What needs to be done = Everything in the records except the pictures needs to be printed again exactly.

Record extracts =
=======

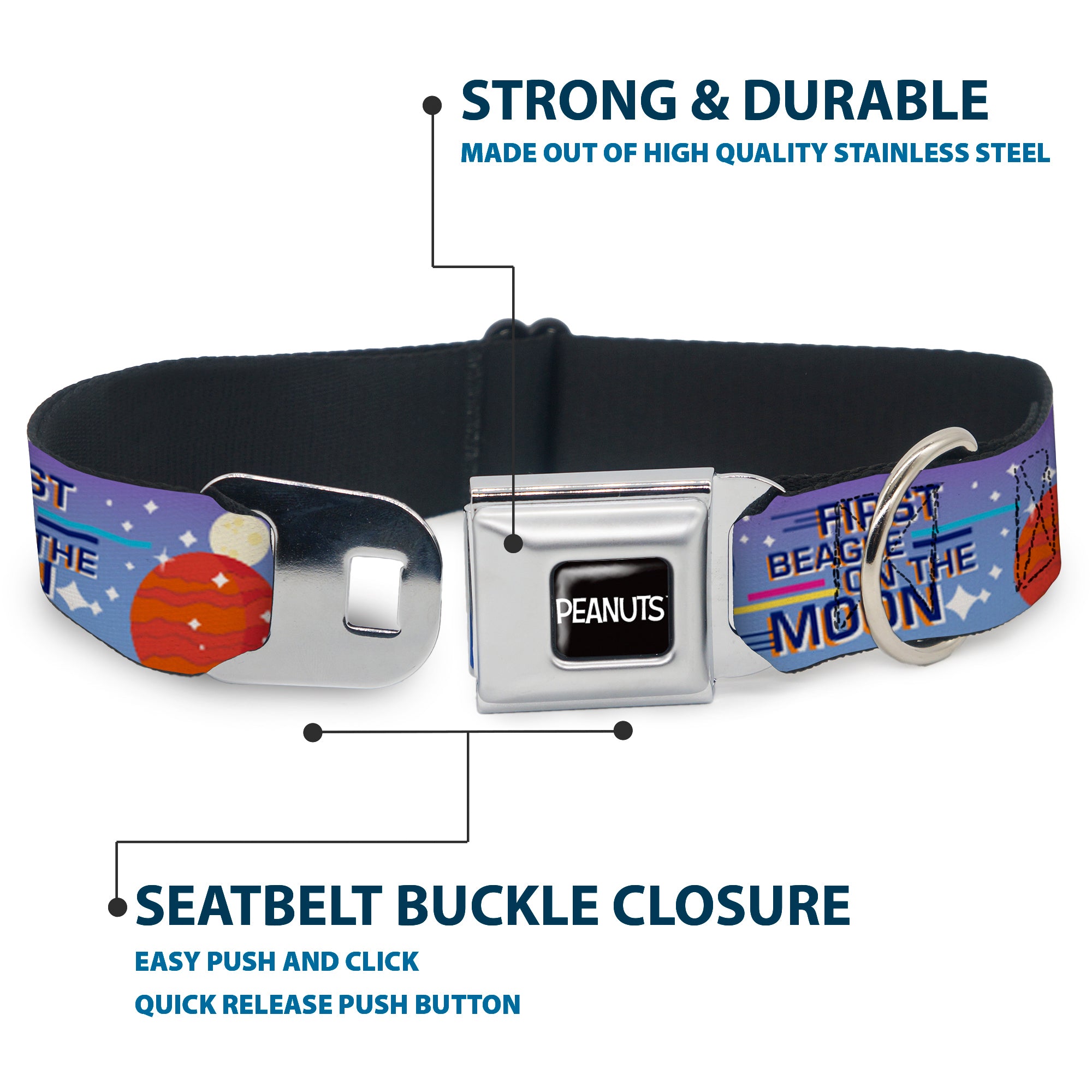 PEANUTS Title Logo Full Color Black/White Seatbelt Buckle Collar - Peanuts Astronaut Snoopy Launch Poses and Text White/Multi Color Seatbelt Buckle Collars Peanuts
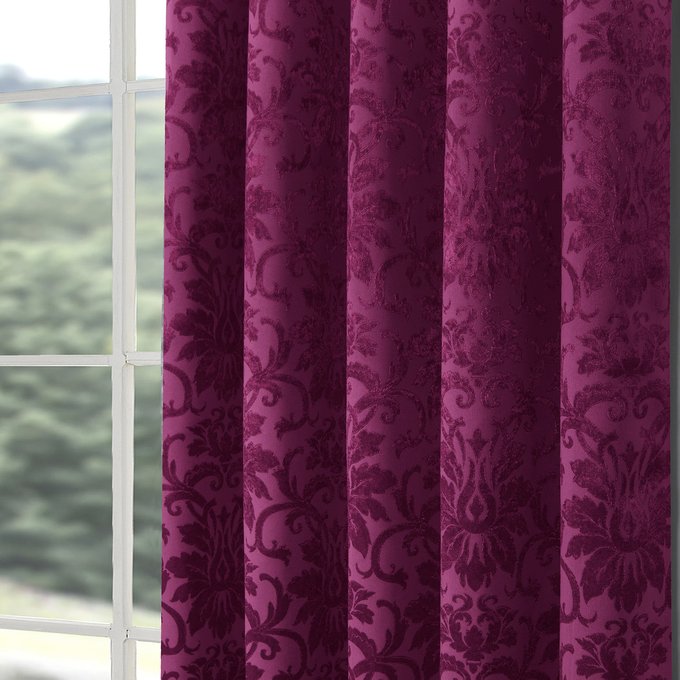 Denton Damask Blockout Eyelet Curtains Wine Plum Home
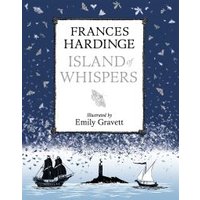 "Island of Whispers book with blue cover, white text, and illustrations of ships and a lighthouse by Emily Gravett"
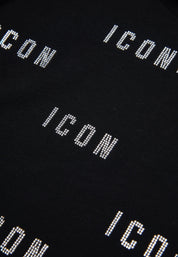 T-shirt Bambina Dsquared2 Icon cropped glitter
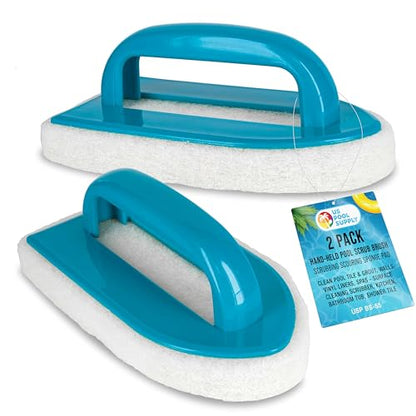 U.S. Pool Supply Hand-Held Pool Scrub Brush, 2 Pack - Surface Scrubbing Scouring Sponge Pad - Clean Pool Tile & Grout, Walls, Vinyl Liners, Spas - Cleaning Scrubber Stains, Kitchen Bathroom Tub Shower - size: 3x7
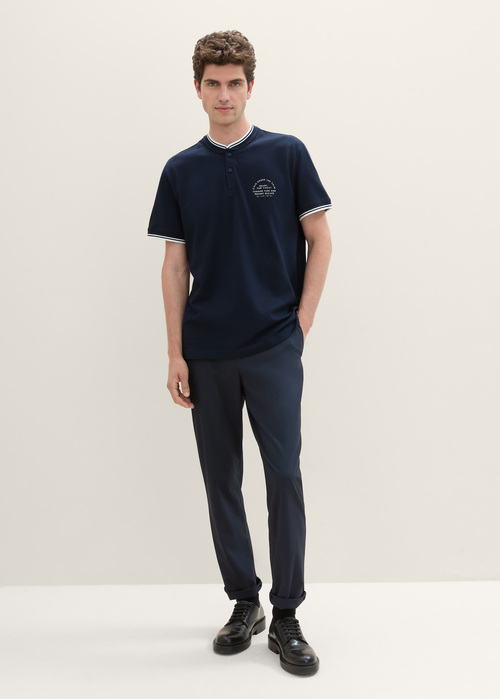 Meski T Shirt Tom Tailor Polo Shirt With A Print Sky Captain Blue - POLY-COTTON-BRUSHED-FLEECE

=======

Worked solution =
 PEANUTS Title Logo Full Color Black/White Seatbelt Buckle Collar - Peanuts Astronaut Snoopy Launch Poses and Text White/Multi Color Seatbelt Buckle Collars Peanuts
 Denton Damask Blockout Eyelet Curtains Wine Plum Home
 "Island of Whispers book with blue cover, white text, and illustrations of ships and a lighthouse by Emily Gravett"
 T-shirt Bambina Dsquared2 Icon cropped glitter
 U.S. Pool Supply Hand-Held Pool Scrub Brush, 2 Pack - Surface Scrubbing Scouring Sponge Pad - Clean Pool Tile & Grout, Walls, Vinyl Liners, Spas - Cleaning Scrubber Stains, Kitchen Bathroom Tub Shower - size: 3x7
 Meski T Shirt Tom Tailor Polo Shirt With A Print Sky Captain Blue - POLY-COTTON-BRUSHED-FLEECE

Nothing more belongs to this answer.